Он поклонился, а потом импульсивно сказал:

– Проводи меня в гавань. Посмотри на мои корабли.

Вопреки официальному церемониалу Антоний протянул мне руку. Я приняла ее, и мы вместе вышли из зала, навстречу слепящему свету неба и моря. Наши люди двинулись следом.

На мгновение мы оказались одни; тут же он наклонился и прошептал мне на ухо:

– Это не прощание, но всего лишь краткая разлука.

Его теплое дыхание мигом разожгло тысячу воспоминаний и сопутствующее им желание.

– Долг – суровое дитя богов, – ответила я, – и настало время отдать ему дань.

С этими словами я отпустила его руку. Я боялась, что если не сделаю этого, то не выдержу и брошусь ему на шею.


Корабли уплыли. Их паруса, белые, как волны на море, становились все меньше и меньше, пока не исчезли на восточном горизонте. Я глядела из окна, как они огибают маяк и направляются в открытое море. Цезарион смотрел вместе со мной.

– Ну вот, они свернули за маяк… сейчас, должно быть, почти поравнялись с Канопом… все, их не видно.

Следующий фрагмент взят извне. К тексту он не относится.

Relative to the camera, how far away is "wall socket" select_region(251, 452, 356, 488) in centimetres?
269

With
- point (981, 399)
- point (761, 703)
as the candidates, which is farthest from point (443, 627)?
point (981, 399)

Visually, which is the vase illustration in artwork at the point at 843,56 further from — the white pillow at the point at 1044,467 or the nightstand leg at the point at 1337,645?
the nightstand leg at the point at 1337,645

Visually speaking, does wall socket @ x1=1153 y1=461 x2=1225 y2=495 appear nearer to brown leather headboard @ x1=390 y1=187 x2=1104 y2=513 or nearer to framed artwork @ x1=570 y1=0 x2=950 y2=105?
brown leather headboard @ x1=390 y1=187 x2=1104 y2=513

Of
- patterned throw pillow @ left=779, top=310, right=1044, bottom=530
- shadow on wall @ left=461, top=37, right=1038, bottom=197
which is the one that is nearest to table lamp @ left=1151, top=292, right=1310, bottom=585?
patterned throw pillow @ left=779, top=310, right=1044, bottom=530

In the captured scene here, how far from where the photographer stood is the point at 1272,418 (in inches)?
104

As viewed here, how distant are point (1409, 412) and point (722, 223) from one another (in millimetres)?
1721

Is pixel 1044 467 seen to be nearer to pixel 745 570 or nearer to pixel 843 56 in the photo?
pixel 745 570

Его голос звучал тихо и печально. Пока он следил за парусами, это отвлекало его, но теперь мальчик понял, что игры с Антонием закончились.

Он вздохнул и ссутулился у стола, где ждала оставленная игровая доска.

– А когда он вернется? – спросил Цезарион.

– Я не знаю, – ответила я.

«Никогда», – прозвучало в моей голове.

– Ему нужно готовиться к войне, и кто знает, что случится потом.


После его отбытия стало казаться, что он наполнял собой и дворец, и всю Александрию. Теперь город опустел, и лишь гулкое эхо взывало к ушедшему. Странно: ведь все это существовало задолго до него, однако насквозь пропиталось его духом. В моих личных покоях Антоний не жил, но они тоже тосковали по нему вместе со мной и, кажется, даже стали меньше.

Я бродила по моим опустевшим комнатам, касалась каждой вещи, напоминающей о нем, а потом мысленно убирала ее – аккуратно и решительно, как римский солдат складывает свою палатку с наступлением утра. Все кончилось. Антоний уплыл, отказался от моего предложения, от личного и политического союза. Он уплыл сражаться в других, собственных битвах. Теперь это его война, не моя.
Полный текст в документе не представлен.